Маркиз де Обинье сидел в кабинете, по старому морщинистому лицу текли слезы, он даже не утруждал себя, чтобы смахнуть их. «Боже! Отец наш небесный! За что ты прогневался на меня? Что я сделал такого, что ты лишил меня сына?»
Женевьева лежала на кровати, не в силах подняться. Вчера она похоронила своего мальчика, свою последнюю надежду и любовь. Все это время она держала себя в руках, улаживая проблемы с похоронами и святой церковью.
Ранним утром, три дня назад, Пьер с безумными глазами бегал по дому и во всю глотку орал: «Дьявол! Его убил дьявол!» На крик сбежались слуги, маркиза, встревоженная поведением старого слуги, вышла из спальни, чтобы разобраться, в чем дело. Пьер бессвязно кричал и размахивал руками, показывая в сторону комнаты Поля. У Женевьевы от страха подкосились ноги, она сразу поняла, что случилось непоправимое. Верить в это не хотелось, но внутренний голос разрывал душу на части страшными предчувствиями. Обливаясь холодным потом, маркиза зашла в комнату к сыну, и несколько мгновений показались ей вечностью.
В центре неровно начертанного круга, освещенный мерцанием догоравших свечей, лежал ее маленький Поль с немыслимо вывернутой головой и тихой улыбкой. Ни страха, ни разочарования не читалось в его полуоткрытых глазах. Казалось, что он просто спит, и только неестественное положение тела опровергало это предположение.
Свидетелей этого ужаса оказалось много, и весть мигом разлетелась по округе. Мадам де Обинье пришлось приложить немало сил и золота, чтобы замять эту странную историю. Она не могла позволить, чтобы тело ее несчастного сына покоилось за оградой церковного кладбища.
Маркиз, узнав о смерти сына, тут же превратился в каменное изваяние с белой головой. Женевьева держалась из последних сил, ей нужно было похоронить Поля, и еще она знала, что мужу необходима ее поддержка.

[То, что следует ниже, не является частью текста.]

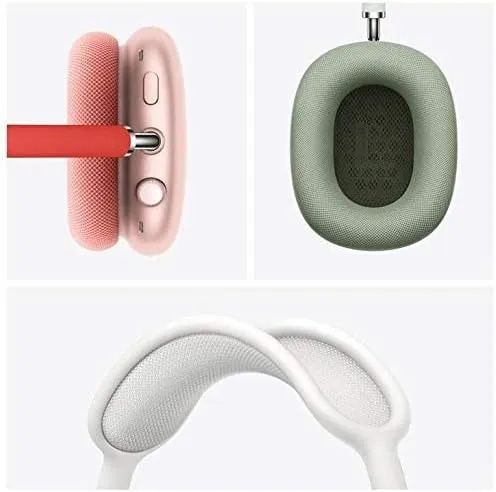 AIRPODS Max Lightning Cinza - Foto 4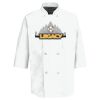 Half Sleeve Chef Coat Thumbnail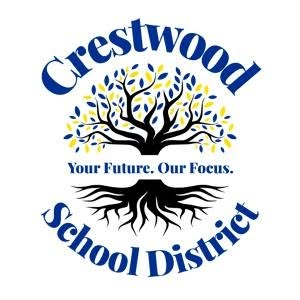 Crestwood School District logo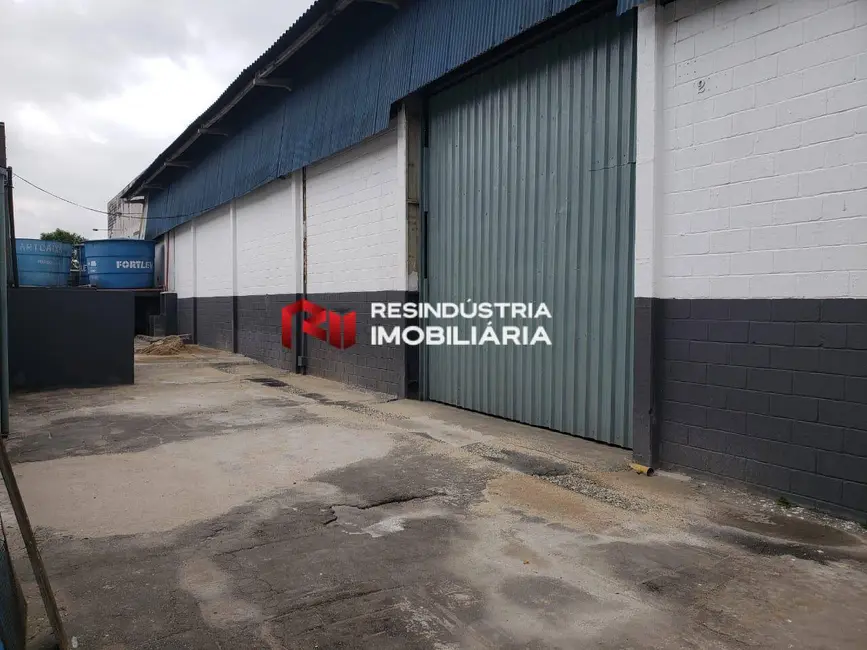 Foto 5 de Armazém / Galpão para alugar, 1200m2 em Santana De Parnaiba - SP
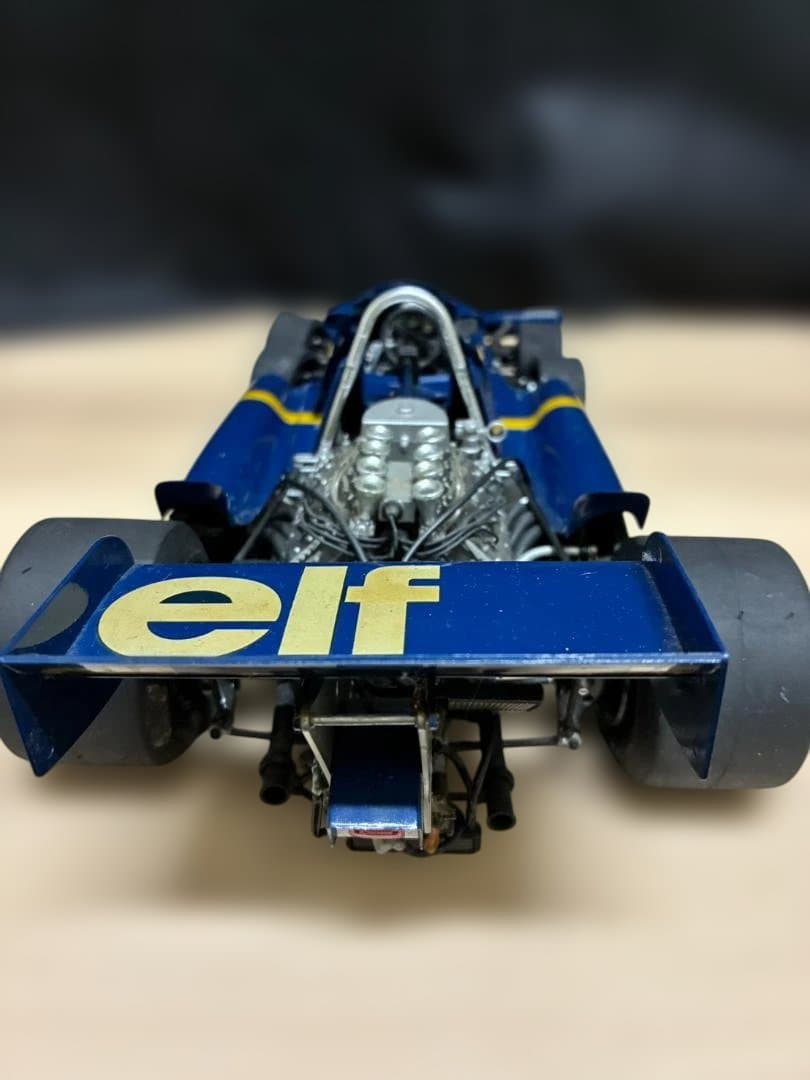 【KW】ELF　ティレルフォードP34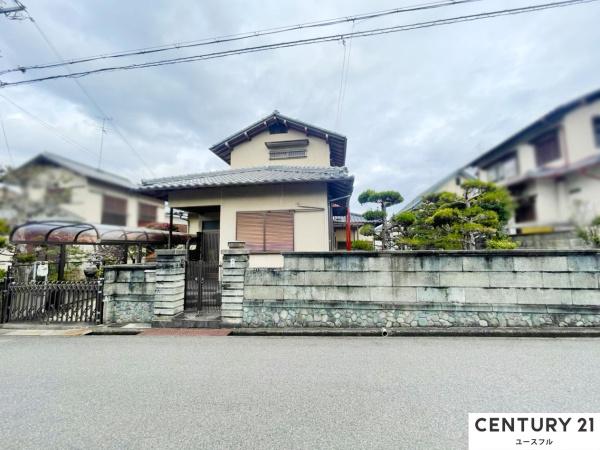 大阪狭山市大野台５丁目の土地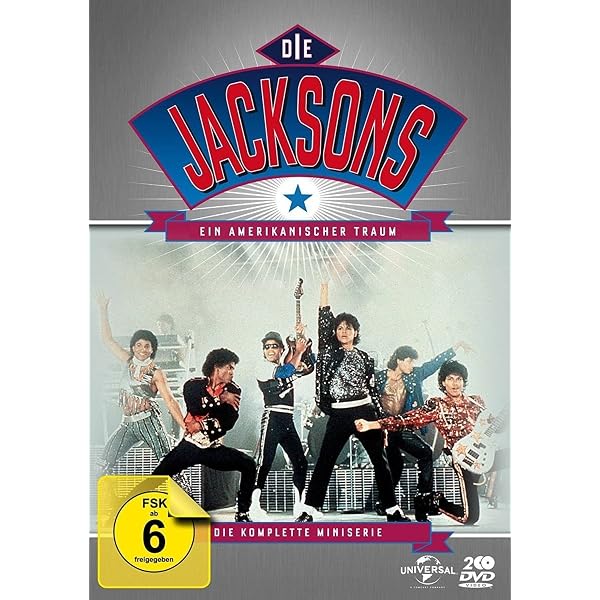 The Jacksons: An American Dream [US Import]: Amazon.de: Jackson 5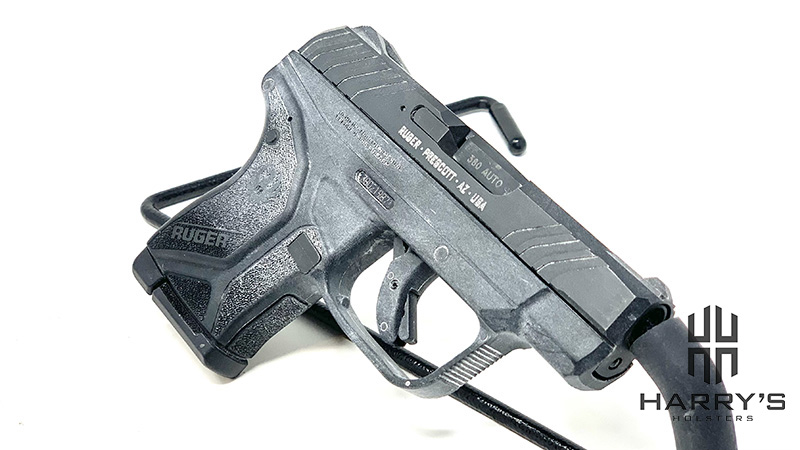 Ruger LCP2 right front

Филипп рыдал и бился в истерике, а потом и вовсе впал в забытье. Доктор Самуиль метался между ним и маркизом. Но мадам и сама оказалась не железной, ее силы ослабевали с каждой минутой, и вот теперь в помощи нуждалась и она сама. Выполнив свой последний долг, маркиза легла в кровать, отказавшись от еды и питья. Рядом с ней остались только слуги и доктор, ибо остальные члены семьи нуждались в помощи не меньше, чем она.